§ Task directions
Output exactly the lines below from the one containing "X0000076450855200610061043" to the last line, both included. Omit pictures.

§ Recorded data
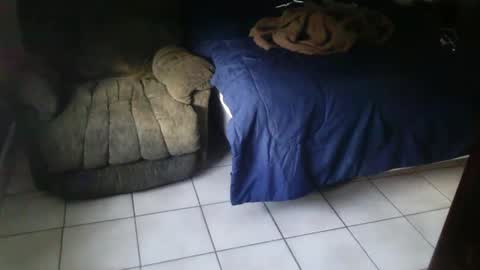 BearlyLoganFL online show from September 11, 12:17 pm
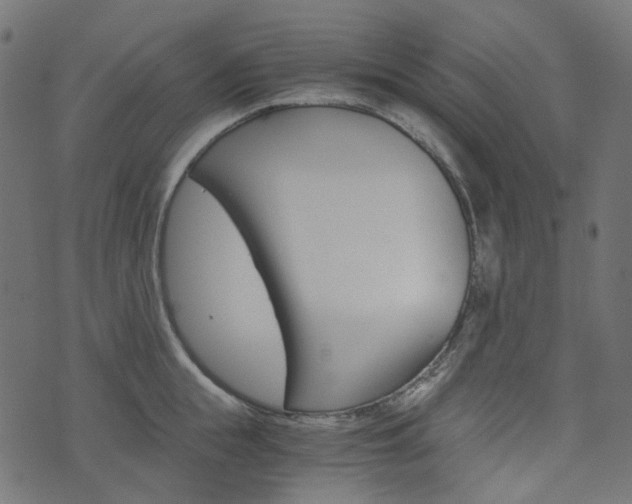 X0000076450855200610061043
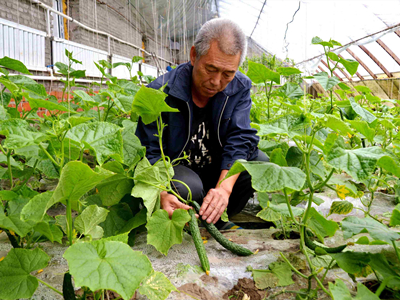 蕨菜人工种植基地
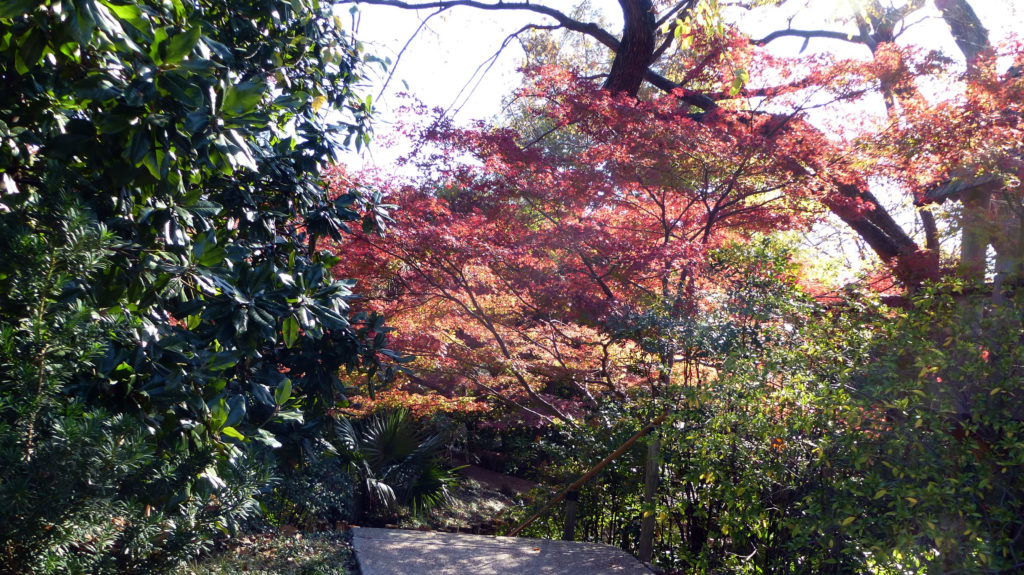 Ft Worth Japanese Gardens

§ Result of the exercise
 X0000076450855200610061043
 蕨菜人工种植基地
 Ft Worth Japanese Gardens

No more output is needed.